I had heard a lot about the Apple Cider doughnuts at Harvest Orchard – what better time to get some? As I was waiting my turn, I saw a sign that read “Limit of 2 dozen per customer”. Who would or could possibly eat so many doughnuts, I wondered aloud. The lady behind the counter motioned for me to come over. I ordered the cinnamon sugar doughnut. It was hot and fresh out of the oven. I must say that it may have been the best thing I have ever spent $0.75 on in my life!

One bite transported me to heaven. The doughnut was incredibly soft and creamy. Its warmth was perfectly juxtaposed with the cold winds against my face. The sweet cinnamon sugar stuck to my lips much like lip gloss. A welcome feeling, not a bad thing! The flavor was intoxicating. That bite alone was enough to make me understand why there was a two dozen limit on the doughnuts.

However, doughnuts were not going to be enough to satiate my appetite. I settled on eating a grilled cheese and apple sandwich. I walked towards a bale of hay and sat and listened to a great cover band play while I ate. They were really talented and drew quite a large crowd.

As I was enjoying the music and the ambience, my mind switched over into work mode and I thought about how amazing it would have been to WebCast their performance to others who were not lucky enough to be here. It would have been great marketing for the orchards and for the band itself.

My mind raced ahead and I envisioned them being picked up by a label as a result of the publicity generated by the American Movie Company, for whom I work.

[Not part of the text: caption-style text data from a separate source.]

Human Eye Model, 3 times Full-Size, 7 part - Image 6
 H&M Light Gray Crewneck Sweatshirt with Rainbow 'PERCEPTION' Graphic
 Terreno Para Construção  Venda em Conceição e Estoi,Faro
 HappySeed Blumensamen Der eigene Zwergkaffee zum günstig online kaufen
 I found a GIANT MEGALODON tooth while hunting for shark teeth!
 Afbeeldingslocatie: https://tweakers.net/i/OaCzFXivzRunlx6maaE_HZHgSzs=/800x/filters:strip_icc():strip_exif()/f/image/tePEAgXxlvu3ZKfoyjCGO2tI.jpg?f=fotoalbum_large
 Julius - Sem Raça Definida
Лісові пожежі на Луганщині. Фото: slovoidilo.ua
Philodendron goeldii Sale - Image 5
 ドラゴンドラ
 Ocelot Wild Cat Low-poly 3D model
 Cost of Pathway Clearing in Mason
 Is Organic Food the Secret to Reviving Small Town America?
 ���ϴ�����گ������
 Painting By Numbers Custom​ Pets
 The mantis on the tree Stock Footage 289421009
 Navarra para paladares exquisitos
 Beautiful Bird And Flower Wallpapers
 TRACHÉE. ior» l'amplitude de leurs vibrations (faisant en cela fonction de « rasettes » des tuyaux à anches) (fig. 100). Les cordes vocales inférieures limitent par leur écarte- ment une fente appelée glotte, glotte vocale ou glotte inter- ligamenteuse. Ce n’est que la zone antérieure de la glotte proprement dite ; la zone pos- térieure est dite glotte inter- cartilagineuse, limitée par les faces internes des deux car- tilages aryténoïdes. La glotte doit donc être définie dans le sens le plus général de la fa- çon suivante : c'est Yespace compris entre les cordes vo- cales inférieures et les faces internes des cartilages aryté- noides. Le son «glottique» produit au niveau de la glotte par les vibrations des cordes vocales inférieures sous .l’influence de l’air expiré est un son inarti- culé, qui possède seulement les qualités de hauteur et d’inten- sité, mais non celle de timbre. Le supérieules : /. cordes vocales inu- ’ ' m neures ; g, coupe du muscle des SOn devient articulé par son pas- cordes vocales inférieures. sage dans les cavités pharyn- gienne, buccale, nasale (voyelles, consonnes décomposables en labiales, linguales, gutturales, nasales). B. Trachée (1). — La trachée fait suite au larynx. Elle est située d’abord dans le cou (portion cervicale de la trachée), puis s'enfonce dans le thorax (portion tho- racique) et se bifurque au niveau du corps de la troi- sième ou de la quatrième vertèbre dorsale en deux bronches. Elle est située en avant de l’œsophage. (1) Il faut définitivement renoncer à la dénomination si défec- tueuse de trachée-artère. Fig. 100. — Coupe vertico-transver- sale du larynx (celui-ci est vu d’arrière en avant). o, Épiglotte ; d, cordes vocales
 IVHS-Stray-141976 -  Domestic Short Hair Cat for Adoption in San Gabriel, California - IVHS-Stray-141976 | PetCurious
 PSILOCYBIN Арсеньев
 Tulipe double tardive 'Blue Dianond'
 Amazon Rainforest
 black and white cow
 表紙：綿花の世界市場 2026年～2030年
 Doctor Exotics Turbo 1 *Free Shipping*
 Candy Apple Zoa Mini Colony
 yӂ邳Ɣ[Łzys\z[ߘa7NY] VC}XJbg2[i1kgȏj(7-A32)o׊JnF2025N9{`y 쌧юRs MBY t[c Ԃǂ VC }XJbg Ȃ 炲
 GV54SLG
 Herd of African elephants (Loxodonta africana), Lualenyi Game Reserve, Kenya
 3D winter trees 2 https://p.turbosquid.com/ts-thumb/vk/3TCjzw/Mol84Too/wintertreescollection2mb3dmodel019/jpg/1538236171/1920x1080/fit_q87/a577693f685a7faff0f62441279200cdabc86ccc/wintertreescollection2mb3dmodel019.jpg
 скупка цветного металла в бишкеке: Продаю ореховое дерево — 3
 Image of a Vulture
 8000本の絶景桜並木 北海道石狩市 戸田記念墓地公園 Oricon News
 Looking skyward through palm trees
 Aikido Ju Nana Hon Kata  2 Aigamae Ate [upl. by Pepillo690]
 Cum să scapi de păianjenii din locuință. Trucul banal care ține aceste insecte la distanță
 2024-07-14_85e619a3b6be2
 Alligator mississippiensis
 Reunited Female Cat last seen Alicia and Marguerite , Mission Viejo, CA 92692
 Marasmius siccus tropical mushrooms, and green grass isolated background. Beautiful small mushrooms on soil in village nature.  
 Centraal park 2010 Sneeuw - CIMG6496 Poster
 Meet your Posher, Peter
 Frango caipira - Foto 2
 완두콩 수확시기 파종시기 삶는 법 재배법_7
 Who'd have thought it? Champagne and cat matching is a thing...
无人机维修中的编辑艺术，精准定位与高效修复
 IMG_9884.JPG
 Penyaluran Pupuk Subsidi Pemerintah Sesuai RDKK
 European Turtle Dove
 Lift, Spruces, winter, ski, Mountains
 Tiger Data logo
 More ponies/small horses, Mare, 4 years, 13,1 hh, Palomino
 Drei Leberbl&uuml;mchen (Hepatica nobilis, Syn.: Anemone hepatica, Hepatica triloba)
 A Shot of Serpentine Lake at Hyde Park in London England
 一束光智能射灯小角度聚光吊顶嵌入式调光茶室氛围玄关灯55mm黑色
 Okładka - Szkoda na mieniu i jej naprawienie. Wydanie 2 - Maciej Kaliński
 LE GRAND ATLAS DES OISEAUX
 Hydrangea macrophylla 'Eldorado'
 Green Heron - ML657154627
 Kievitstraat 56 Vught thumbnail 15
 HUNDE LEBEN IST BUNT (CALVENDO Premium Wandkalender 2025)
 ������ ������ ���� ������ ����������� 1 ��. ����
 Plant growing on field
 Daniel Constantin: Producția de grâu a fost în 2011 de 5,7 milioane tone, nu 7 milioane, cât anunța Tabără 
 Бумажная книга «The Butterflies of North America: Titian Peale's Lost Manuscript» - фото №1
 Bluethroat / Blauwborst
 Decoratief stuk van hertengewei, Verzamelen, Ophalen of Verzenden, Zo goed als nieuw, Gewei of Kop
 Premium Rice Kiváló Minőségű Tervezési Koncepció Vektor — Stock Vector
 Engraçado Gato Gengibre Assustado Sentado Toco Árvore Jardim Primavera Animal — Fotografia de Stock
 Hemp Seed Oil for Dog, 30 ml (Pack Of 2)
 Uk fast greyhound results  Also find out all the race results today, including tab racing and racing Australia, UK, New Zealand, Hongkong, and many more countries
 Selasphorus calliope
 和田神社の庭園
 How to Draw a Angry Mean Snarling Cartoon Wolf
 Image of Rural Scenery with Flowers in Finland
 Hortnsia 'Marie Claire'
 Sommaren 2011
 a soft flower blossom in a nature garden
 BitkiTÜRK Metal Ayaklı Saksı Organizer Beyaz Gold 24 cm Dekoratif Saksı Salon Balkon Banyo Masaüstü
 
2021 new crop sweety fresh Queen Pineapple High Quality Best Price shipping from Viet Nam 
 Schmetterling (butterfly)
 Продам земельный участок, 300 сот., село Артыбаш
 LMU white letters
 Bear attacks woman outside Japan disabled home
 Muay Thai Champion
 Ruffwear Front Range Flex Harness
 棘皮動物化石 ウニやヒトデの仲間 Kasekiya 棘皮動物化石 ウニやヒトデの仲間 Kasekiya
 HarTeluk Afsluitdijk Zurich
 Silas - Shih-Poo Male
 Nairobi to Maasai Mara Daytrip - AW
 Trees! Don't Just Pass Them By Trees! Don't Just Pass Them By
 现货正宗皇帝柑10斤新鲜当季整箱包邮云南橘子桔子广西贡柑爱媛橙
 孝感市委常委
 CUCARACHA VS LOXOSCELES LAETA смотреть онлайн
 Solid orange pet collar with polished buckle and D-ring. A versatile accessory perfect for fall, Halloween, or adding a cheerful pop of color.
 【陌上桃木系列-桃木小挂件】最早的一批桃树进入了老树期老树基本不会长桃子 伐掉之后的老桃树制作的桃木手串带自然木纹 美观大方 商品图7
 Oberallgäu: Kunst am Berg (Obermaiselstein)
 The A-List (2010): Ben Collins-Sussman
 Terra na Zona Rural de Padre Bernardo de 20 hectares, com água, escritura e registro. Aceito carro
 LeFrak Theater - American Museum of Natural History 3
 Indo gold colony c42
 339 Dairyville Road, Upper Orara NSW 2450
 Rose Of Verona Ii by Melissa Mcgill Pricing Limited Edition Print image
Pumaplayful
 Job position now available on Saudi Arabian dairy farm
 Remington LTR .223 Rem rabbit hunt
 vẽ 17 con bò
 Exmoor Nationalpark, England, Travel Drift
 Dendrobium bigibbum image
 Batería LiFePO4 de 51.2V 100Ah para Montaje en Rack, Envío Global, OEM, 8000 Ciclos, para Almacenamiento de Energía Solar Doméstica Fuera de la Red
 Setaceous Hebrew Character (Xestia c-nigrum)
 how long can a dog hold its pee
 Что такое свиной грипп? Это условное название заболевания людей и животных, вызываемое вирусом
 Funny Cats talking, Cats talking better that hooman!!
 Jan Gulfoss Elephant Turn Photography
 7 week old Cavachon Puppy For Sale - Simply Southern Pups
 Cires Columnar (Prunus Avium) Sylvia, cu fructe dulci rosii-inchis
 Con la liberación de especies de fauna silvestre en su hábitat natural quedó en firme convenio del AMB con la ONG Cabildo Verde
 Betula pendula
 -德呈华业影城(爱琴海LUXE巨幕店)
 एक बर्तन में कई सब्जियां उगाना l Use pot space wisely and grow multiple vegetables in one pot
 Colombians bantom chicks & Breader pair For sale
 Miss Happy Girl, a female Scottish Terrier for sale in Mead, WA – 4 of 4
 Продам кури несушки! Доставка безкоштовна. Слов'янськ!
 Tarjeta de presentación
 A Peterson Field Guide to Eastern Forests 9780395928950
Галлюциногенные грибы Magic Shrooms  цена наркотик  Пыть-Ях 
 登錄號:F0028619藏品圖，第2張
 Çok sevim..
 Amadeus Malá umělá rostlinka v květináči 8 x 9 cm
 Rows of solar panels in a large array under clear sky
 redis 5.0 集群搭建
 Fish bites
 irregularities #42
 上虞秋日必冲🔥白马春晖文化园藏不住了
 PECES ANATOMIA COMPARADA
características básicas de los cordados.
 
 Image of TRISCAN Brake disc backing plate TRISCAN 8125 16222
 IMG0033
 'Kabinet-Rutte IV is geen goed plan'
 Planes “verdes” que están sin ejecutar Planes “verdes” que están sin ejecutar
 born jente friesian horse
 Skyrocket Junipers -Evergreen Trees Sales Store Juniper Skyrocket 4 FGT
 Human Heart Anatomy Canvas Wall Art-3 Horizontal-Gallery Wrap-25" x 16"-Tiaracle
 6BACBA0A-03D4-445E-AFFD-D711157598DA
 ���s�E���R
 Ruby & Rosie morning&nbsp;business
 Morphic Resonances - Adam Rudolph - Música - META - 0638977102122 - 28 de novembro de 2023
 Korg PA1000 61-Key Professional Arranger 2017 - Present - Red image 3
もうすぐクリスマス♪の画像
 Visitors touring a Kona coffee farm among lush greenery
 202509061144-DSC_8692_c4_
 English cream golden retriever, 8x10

After buying a bottle of water to keep hydrated, I trekked across the street and up the hill to Outhouse Orchards. I was most excited about navigating through the corn maze. I walked past the pumpkin patch and a live band aptly named “The Skeletons”. After walking at a good pace for about 15 minutes, I reached the top of the hill, where the corn maze was located. A group of teenage boys were collecting the $7 fee and handing out maps. I paid my fare and went on to get lost amid the dense rows of corn stalks. I spent about half an hour navigating the winding paths towards the exit. This may sound strange, but I am unashamed. At times, I purposely got lost just to enjoy the solitude. The cornstalks were short enough for me to catch a glimpse of the beautiful scenery downhill. Once I exited, I snapped a few photos and headed to the apple picking station to buy myself a bag and pick apples.

A...maize - Cornstalks

A…maize – Cornstalks

To my dismay, the young woman there informed me, that the trees had been picked off clean. I would, therefore, end up picking apples out of the crates. Boo! Hiss! I didn’t come all this way to pick apples from crates, I thought to myself.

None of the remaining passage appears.